Perhaps this is a new vetting procedure being rolled out by the Scottish Conservatives. A way to test their mettle. If they can’t do a terrifying ride in an HGV, they aren’t fit for parliament. Real men (and women) drive trucks. Or at least are a passenger in them.

Hyslop, being a member of the SNP, does not take up Kerr’s offer. She does, however, take the time to blame Liz Truss and Kwasi Kwarteng for the state of Scotland’s roads. Never mind the fact transport is devolved and many of the problems being discussed predate their short tenure in Downing Street. Why let facts get in the way?

Other MSPs take the opportunity to talk about local roads. Christine Grahame speaks about some parts of her constituency being “a bit of a rat run”, then treats the chamber to a brief history of road taxes. This was precisely as dull as it sounds.

Finlay Carson declares an interest in the debate because he lives next to the A75. Do all MSPs have to declare what street they live on now?

Douglas Lumsden welcomes the start of “pothole season”. He then accuses the SNP of allowing “extremists from the Green Party to seize control of roads”, as though Patrick Harvie is some kind of weird highwayman in a tweed waistcoat, shouting ‘your taxes or your life’.

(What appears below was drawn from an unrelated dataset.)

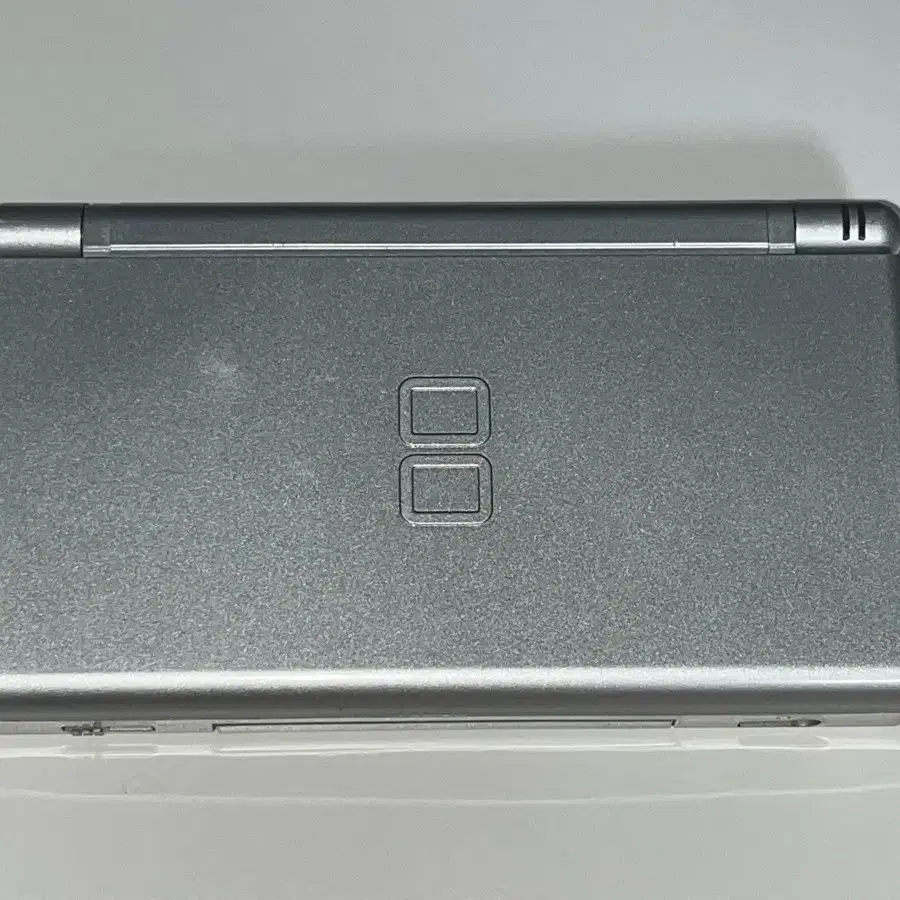 닌텐도 ds lite 실버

That revelation riled up Tim Eagle, who uses his speech to tell everyone how raging he is at the Greens. “Nothing makes my blood boil more than picking up a national paper to find an inner-city member of the Green Party telling me that I am not allowed the dualling of the A96,” he says. He regularly hulks out over his breakfast cereal because of it. And worst of all, not a single Green MSP is in the room to hear about how furious they make him. Maybe they’ve just gone on a truck ride of their own, thrill seekers that they are.